_Task brief_
Find every line in the records below that holds the word "Yellow", and copy each one.

╭─ Data extracts

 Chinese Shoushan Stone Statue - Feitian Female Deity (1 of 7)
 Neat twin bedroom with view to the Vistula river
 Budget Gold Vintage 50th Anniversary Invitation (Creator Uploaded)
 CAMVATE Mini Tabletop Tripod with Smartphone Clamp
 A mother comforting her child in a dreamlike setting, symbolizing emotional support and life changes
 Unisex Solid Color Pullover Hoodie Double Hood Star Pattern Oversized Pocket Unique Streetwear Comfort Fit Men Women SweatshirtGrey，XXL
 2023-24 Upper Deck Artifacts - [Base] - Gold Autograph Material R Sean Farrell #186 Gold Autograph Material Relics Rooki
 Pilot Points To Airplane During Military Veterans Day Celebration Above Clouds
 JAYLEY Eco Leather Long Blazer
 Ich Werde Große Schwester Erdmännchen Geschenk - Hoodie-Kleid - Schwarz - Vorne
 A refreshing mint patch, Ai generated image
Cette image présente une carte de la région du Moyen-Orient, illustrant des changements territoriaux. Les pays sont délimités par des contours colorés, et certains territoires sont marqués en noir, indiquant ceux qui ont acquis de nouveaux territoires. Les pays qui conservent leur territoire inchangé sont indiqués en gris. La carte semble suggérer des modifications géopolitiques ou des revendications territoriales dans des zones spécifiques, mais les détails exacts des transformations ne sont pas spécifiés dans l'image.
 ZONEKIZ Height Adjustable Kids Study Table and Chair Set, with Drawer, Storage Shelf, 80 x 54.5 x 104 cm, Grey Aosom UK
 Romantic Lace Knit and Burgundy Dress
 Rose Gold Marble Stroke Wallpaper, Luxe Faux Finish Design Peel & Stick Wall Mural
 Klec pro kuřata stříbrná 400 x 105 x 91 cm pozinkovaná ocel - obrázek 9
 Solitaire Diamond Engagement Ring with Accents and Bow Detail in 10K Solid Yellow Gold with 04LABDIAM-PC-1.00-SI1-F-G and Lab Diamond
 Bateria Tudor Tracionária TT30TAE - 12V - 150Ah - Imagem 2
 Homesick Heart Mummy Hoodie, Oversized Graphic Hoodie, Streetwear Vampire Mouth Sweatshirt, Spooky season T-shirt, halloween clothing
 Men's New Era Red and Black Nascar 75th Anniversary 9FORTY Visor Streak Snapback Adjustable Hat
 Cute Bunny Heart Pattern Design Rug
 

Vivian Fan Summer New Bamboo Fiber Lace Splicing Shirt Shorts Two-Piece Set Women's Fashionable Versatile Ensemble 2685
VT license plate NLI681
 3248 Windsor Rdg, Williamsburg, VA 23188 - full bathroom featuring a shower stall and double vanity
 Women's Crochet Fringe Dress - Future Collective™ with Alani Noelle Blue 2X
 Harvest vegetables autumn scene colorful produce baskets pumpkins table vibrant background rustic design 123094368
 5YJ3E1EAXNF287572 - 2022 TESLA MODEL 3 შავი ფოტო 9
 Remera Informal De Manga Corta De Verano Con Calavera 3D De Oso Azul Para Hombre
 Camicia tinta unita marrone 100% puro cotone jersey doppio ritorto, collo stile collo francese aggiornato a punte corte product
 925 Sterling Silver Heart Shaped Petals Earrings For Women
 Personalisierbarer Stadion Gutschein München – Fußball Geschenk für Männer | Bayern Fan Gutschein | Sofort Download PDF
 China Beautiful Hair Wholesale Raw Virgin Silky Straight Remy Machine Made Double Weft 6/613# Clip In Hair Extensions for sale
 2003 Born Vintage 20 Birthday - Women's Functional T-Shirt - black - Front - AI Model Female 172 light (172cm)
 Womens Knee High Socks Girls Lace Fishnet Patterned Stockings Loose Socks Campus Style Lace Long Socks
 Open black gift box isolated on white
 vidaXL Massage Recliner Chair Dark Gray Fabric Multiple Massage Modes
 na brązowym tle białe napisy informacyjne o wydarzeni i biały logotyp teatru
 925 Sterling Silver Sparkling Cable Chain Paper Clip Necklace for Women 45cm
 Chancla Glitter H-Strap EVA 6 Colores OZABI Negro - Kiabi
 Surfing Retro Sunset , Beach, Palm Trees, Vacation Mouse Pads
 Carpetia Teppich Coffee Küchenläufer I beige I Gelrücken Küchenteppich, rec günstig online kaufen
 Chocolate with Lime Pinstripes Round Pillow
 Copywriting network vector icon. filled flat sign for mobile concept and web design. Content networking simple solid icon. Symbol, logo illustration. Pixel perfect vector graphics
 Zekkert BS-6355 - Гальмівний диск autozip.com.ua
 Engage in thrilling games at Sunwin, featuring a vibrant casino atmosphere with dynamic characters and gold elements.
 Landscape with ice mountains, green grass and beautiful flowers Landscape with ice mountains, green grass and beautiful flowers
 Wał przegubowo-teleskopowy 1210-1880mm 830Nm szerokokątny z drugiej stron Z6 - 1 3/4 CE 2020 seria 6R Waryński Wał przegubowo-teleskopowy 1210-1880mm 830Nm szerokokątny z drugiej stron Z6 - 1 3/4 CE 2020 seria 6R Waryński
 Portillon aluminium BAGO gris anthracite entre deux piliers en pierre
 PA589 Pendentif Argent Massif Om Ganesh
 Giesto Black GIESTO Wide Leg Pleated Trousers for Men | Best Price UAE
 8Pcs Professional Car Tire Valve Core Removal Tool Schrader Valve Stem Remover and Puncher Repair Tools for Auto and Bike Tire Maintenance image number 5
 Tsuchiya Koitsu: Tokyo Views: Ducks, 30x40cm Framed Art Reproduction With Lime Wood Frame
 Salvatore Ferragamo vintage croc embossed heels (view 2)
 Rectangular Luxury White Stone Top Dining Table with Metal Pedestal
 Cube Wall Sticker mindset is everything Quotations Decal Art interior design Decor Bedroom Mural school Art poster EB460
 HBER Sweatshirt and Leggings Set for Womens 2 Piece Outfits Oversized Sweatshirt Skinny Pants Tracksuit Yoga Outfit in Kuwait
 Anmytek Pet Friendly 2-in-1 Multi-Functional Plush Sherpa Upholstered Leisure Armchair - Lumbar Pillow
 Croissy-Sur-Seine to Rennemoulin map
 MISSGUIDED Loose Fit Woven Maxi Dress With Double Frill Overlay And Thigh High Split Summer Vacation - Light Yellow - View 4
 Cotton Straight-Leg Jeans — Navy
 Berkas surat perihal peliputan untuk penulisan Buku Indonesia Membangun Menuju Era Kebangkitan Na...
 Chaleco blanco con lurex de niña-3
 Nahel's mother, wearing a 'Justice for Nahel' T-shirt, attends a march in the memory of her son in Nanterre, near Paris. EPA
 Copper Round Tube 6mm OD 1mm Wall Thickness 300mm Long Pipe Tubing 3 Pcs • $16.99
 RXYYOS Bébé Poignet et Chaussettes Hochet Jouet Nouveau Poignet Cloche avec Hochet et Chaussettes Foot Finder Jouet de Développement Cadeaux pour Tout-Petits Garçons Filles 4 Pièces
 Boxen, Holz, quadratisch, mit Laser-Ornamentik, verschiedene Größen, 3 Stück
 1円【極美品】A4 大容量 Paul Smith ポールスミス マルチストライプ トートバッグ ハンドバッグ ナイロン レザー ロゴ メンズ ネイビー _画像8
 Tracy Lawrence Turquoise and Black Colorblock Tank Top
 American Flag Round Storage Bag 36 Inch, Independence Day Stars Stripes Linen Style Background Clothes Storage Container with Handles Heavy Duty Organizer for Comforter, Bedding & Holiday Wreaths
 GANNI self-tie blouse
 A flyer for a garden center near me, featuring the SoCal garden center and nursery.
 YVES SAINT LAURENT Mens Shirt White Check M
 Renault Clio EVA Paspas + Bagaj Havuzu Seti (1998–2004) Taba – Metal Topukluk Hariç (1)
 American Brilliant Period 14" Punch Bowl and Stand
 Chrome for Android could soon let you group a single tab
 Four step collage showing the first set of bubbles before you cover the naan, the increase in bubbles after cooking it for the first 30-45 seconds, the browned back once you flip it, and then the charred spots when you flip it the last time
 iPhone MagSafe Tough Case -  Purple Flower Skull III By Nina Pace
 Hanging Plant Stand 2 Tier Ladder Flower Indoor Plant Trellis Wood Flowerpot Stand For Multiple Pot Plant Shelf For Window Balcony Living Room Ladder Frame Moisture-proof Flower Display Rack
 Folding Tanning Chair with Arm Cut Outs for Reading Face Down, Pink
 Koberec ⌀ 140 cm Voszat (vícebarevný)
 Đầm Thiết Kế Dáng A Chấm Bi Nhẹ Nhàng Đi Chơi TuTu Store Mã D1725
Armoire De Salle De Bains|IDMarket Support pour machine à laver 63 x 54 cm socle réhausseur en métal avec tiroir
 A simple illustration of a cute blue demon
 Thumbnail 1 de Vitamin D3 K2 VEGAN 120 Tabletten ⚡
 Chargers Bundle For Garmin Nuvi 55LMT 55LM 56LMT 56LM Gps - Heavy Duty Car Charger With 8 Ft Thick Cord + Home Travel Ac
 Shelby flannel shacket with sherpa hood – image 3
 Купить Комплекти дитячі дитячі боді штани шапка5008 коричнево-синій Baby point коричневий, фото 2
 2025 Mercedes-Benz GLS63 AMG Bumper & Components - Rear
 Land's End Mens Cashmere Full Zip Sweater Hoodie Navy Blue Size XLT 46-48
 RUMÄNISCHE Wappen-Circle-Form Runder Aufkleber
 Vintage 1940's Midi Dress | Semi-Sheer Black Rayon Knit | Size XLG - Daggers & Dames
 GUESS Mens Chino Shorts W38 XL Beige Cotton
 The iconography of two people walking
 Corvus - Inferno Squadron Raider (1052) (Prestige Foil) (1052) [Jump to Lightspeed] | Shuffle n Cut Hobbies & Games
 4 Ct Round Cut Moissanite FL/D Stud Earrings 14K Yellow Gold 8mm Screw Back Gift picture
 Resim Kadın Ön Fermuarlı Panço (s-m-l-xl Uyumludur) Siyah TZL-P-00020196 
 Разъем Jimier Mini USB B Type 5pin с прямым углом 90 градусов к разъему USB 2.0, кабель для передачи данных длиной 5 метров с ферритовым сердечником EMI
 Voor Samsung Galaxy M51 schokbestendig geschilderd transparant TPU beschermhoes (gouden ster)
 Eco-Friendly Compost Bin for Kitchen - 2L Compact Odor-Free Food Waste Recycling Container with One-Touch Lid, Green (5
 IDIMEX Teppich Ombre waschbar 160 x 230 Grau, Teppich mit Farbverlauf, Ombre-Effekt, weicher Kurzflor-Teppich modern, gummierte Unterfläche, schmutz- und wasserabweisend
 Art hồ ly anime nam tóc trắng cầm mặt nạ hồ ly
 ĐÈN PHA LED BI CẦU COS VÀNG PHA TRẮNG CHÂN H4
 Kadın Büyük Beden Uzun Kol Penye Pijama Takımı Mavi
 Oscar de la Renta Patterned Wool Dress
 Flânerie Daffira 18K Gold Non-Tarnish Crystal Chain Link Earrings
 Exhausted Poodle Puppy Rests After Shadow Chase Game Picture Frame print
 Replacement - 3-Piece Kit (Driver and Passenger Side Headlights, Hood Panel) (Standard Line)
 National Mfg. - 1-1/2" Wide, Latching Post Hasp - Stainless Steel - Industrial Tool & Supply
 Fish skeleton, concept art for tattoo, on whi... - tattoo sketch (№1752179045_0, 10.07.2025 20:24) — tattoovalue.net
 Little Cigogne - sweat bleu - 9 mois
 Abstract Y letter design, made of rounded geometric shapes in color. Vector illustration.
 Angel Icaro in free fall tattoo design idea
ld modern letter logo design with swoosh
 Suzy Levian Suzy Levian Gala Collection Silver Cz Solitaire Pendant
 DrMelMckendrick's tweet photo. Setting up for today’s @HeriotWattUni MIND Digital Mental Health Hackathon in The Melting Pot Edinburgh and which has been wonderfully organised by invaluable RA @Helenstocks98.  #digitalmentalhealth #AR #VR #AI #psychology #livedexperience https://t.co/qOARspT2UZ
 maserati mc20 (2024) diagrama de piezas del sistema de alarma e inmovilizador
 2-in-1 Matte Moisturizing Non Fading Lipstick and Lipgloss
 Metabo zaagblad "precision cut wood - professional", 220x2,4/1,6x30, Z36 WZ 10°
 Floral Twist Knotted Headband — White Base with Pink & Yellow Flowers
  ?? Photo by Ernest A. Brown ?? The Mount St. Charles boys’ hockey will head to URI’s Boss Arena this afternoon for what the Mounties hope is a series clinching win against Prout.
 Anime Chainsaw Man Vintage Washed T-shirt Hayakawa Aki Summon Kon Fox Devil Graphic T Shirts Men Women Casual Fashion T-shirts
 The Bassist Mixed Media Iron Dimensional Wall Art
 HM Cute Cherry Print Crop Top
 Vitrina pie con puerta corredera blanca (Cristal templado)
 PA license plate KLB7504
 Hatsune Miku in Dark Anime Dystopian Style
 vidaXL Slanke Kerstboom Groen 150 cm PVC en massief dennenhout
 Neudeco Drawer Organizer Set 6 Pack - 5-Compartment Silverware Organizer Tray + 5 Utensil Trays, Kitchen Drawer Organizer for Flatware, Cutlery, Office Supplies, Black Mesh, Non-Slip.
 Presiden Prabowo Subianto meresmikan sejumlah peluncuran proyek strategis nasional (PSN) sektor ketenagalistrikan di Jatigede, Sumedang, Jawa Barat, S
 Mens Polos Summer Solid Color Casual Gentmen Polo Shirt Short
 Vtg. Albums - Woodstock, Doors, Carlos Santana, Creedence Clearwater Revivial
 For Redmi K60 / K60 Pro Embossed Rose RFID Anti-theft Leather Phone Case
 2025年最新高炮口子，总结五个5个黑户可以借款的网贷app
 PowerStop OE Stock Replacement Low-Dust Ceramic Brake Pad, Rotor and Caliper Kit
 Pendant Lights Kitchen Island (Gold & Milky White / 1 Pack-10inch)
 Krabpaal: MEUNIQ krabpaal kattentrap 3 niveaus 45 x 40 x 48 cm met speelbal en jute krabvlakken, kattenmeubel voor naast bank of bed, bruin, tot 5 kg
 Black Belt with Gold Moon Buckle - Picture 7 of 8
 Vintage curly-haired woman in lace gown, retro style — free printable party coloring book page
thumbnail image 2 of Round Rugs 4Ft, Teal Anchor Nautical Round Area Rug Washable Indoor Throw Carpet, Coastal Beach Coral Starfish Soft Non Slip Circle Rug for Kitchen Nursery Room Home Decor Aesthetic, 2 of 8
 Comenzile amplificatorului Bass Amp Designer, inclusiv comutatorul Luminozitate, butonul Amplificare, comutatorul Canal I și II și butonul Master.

╰─

_Exercise solution_
 Solitaire Diamond Engagement Ring with Accents and Bow Detail in 10K Solid Yellow Gold with 04LABDIAM-PC-1.00-SI1-F-G and Lab Diamond
 MISSGUIDED Loose Fit Woven Maxi Dress With Double Frill Overlay And Thigh High Split Summer Vacation - Light Yellow - View 4
 4 Ct Round Cut Moissanite FL/D Stud Earrings 14K Yellow Gold 8mm Screw Back Gift picture
 Floral Twist Knotted Headband — White Base with Pink & Yellow Flowers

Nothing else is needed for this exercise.